Tuesday, March 2, 2010

You say potato, I hear rutabaga

A couple of weeks ago, I laughed as I read Holly's post about mispronunciations. Ever since, I've been remembering my favourite brushes with inaccurate language. Some of the funniest phrases I've encountered have actually been in writing. My top five include examples from both the spoken and written word.

1. My roommate in university used to refer to someone who was a little uncouth as "a country pumpkin" instead of "a country bumpkin."

2. During my first year teaching, one of my Grade 12 media students did a whole presentation on a print ad from the United Parcel Service, referring to it as "ups" the whole time, instead of "U.P.S." I could barely keep a straight face.
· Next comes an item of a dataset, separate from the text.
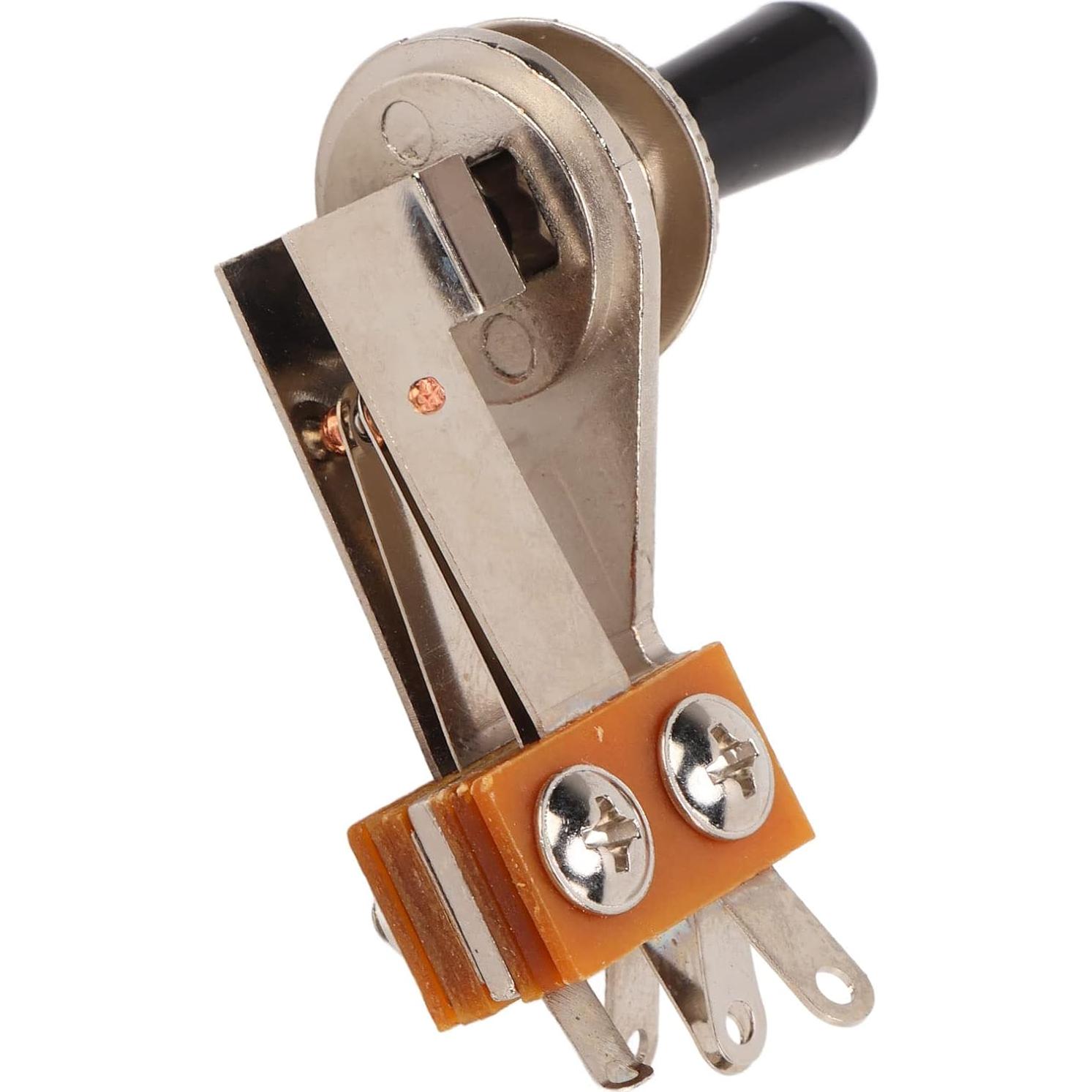 Interruptor de Palanca para Guitarra Eléctrica 3 Vías Metal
3. Every time I taught Elie Wiesel's Night to Grade 11 English students, inevitably one of them would write an essay referring to the way the Jews were used as "escape goats" by the Nazis.

4. While working at the C.N.E., my sister was proof reading a media release written by another summer student that included the line "now that we are in the mitts of the fair . . ." Her coworker dismissed the idea that it was supposed to be "in the midst," arguing that going through the fair was something like being deep inside mitts. What?

5. My favourite Grade 12 academic-level essay included - in the student's rough drafts and final polished essay - the phrase "self-of-steam." As in, one of the causes of Oedipus' downfall was his low self-of-steam. Oedipus had such low self-of-steam that he could not recognize his own fate. Or why he did not get a high grade in this assignment.